While officials would be refuting his initial accusations, he brought forth a steady stream of new ones, so the corrections never caught up with the latest blast. He failed to unearth a single confirmed Communist in the government, but he kept the Truman administration in turmoil.
He relied on an army of informers, primarily disgruntled government workers with grievances against their colleagues and superiors. He accused the State Department of deliberately losing the Cold War. 
His briefcase bulged with documents, but he did very little actual research, relying instead on reports (often outdated) from earlier congressional investigations. He exploited the press with great skill, always promising future disclosures to guarantee headlines. McCarthy’s power was the fear he created among his Senate colleagues. Maryland Senator Millard Tydings failed to win reelection after he headed a committee critical of McCarthy’s activities. After that, all the other senators ran scared. 
McCarthy also went after prominent public officials like Secretary of State Dean Acheson calling him the “Red Dean.” He also went after General George Marshall, claiming that he was an agent of Communist conspiracy.

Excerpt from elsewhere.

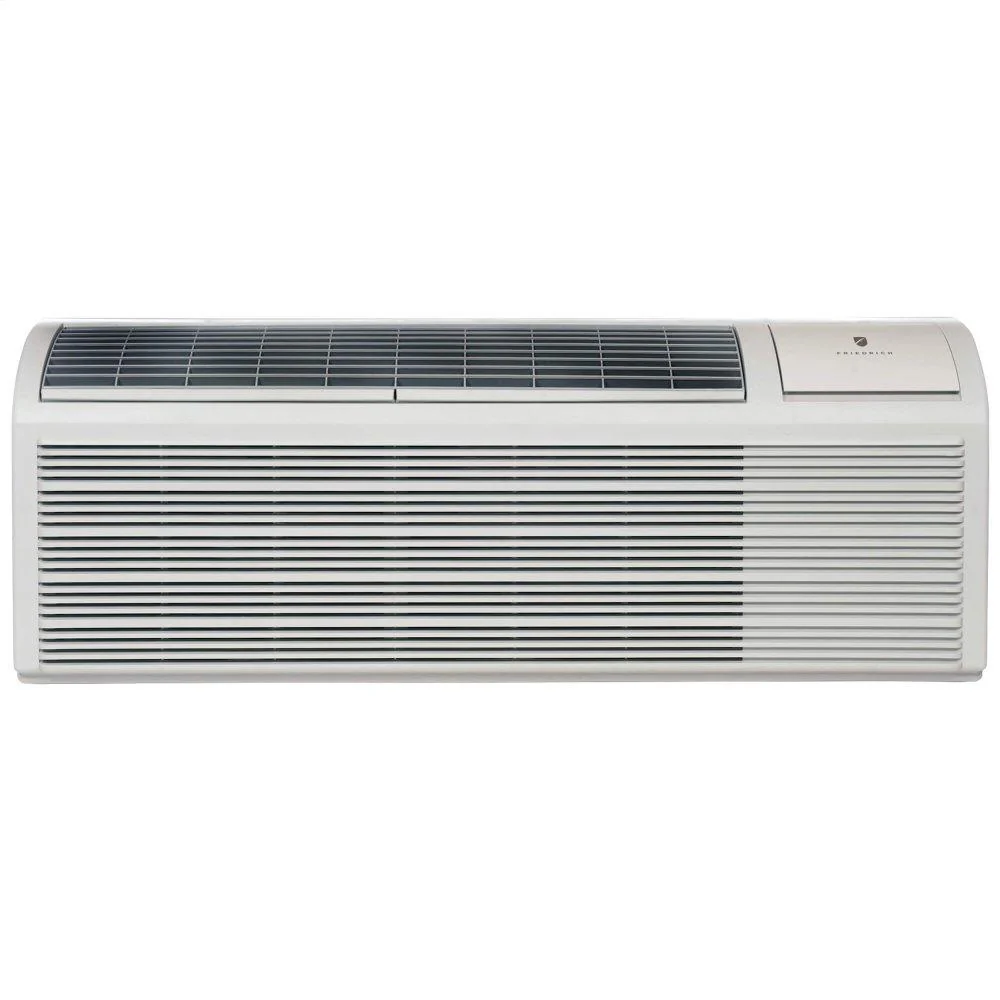 Friedrich PDH12R3SG ZoneAire Premier PDH12R3SG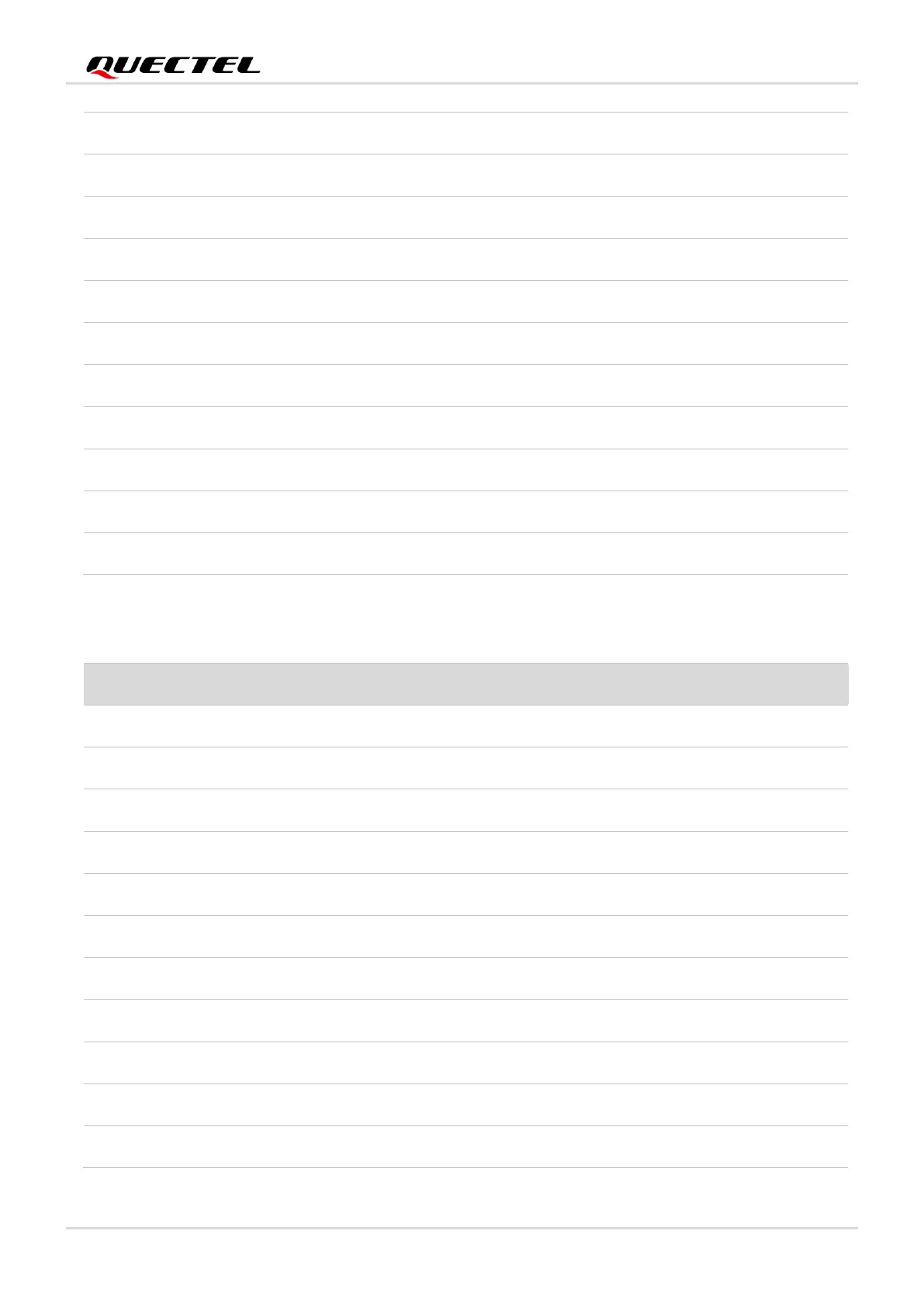 Page #57 background image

The attacks on the wealthy, famous, and privileged won McCarthy a national following. 
He offered a simple solution to the Cold War: defeat the enemy at home rather than continue to engage in costly foreign aid programs and entangling alliances abroad. 
GOP leaders thought his attacks were distasteful but continued to encourage him to attack vulnerable Democrats. 

Eisenhower and McCarthy

Eisenhower was less effective in dealing with McCarthy’s continuing witch hunt. Instead of toning down his anticommunist crusade after the Republican victory, McCarthy used his new position as chairman of the Senate Committee on Government Operations as a base for ferreting out Communists on the federal payroll.
He made a series of charges against foreign affairs agencies and demanded certain books be purged from American information libraries overseas. Eisenhower’s advisors urged him to stop McCarthy. But Ike refused stating, “I will not get into a pissing contest with a skunk.” He hoped the American people would eventually come to their senses. He wanted to give him a long rope to hang himself. 

McCarthy’s Downfall

The Senator finally overreached himself when he uncovered an army dentist suspected of disloyalty and proceeded to attack the upper leadership of the U.S. Army. It culminated in the televised 1954 Army-McCarthy hearings. For six weeks, the senator revealed his crude, bullying behavior to the American people. He was also publicly humiliated by the chief counsel for the army, Joseph Welch, who famously asked "Have you no sense of decency, sir? At long last, have you left no sense of decency?"
Two Republican senators joined the Democrats to bring about the Senate’s censure of McCarthy in 1954. He fell quickly from prominence. He died three years later as a result of alcoholism.